Breakfast

Breakfast is a software for detecting genomic structural variants from DNA sequencing data. Its features include:

• Identifies structural variants based on breakpoint-overlapping reads
• Extremely fast, analyzes ~40 million reads per minute per CPU core
• Reports the full sequence of all breakpoint supporting reads, and shows mismatched bases
• Identifies PCR/optical duplicates and does not count them as independent sources of evidence
• Can be run on sorted or unsorted BAM files, or can read BAM input from a pipe
• Uses pre-existing Bowtie indexes to speed up alignment (does not require its own index)
• Provides tools for filtering out rearrangements that are present in control samples

Installation

Install Rust (version 1.31 or later). Then run the following command:

cargo install --force --git https://github.com/annalam/breakfast

Running Breakfast

To run BreakFast, you need a BAM file containing sequenced reads (in this example, tumor.bam). You also need a Bowtie index and the Bowtie1 executable in your PATH. A Breakfast analysis begins with the breakfast detect command, which searches the BAM file for unaligned reads that support a genomic breakpoint:

breakfast detect tumor.bam bowtie_indexes/hg38 > tumor.sv

Once a *.sv file has been produced for all of your BAM files, you can use the breakfast filter command to require a minimum number of supporting reads, discard short indels, and filter out germline rearrangements and technical artifacts using a sample sheet that describes which samples are tumor samples and which samples are germline or control samples:

breakfast filter --min-reads=4 --min-distance=10 --output-dir=filtered sample_sheet.sv

Finally, the breakfast annotate command can be used to annotate *.sv files with information about adjacency of rearrangement breakpoints to genes:

breakfast annotate tumor.sv genes.bed > tumor.annotated.sv

Detailed overview of the Breakfast algorithm

Unaligned reads are split into two anchors of customizable size: one anchor from the 5' end of the read, and one anchor from the 3' end of the read. These anchors are then aligned against the reference genome using a Bowtie index. If both anchors align to the reference genome (but the read as a whole did not), the read is considered to support the existence of a genomic rearrangement. Aligned reads in the input BAM file are omitted from analysis.

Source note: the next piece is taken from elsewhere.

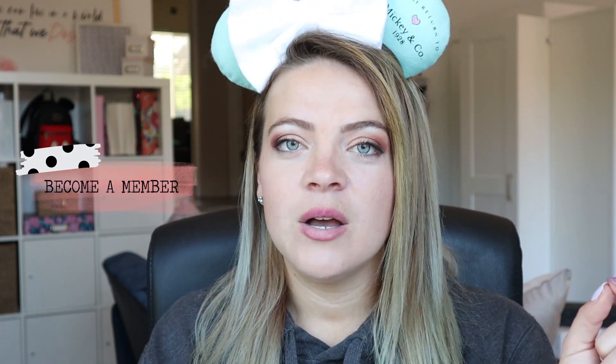Howdy guys, welcome back to my channel. I'm Andi Tay. If you guys are new here, that's who I am. And if you're not, welcome back. I have missed you — and you probably know that it's a Mickey Ear Factory tutorial. What is a Mickey Ear Factory tutorial? Well, I have a membership for crafters and I love my Disney DIYers.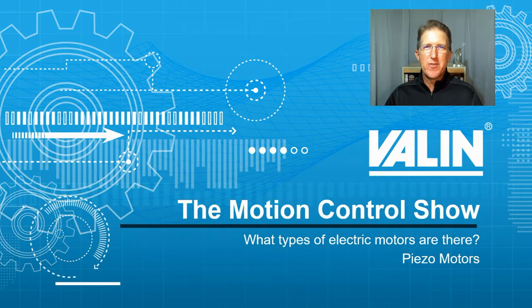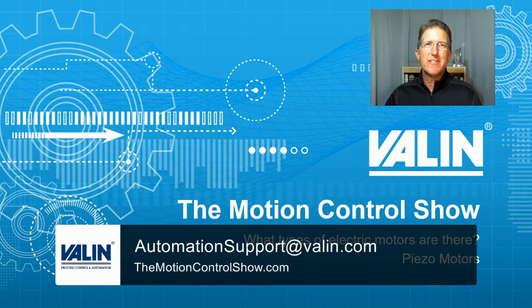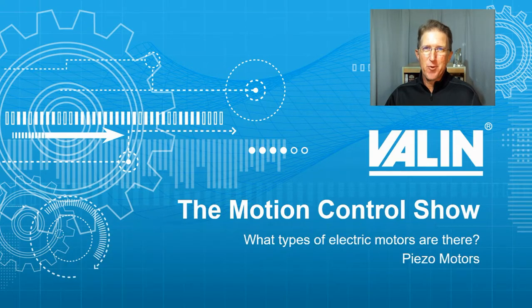There's at least one more type of electric motor that we need to touch on in our series of electric motors, and that's the piezo motor. I'm Cory Foster at Valen Corporation, let's see what we can learn.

Duplicate DNA fragments are identified based on "fragment signatures". For each unaligned read, a fragment signature is generated by taking the first 8 bases of the read, and the first 8 bases of its paired mate. This sequence identifies the boundaries of the DNA fragment. When reporting evidence for an identified genomic breakpoint, Breakfast only reports one read from each cluster of reads that shares the same fragment signature. In this situation, Breakfast preferentially picks the read that has the highest degree of overlap with the genomic breakpoint (i.e. longest flanks).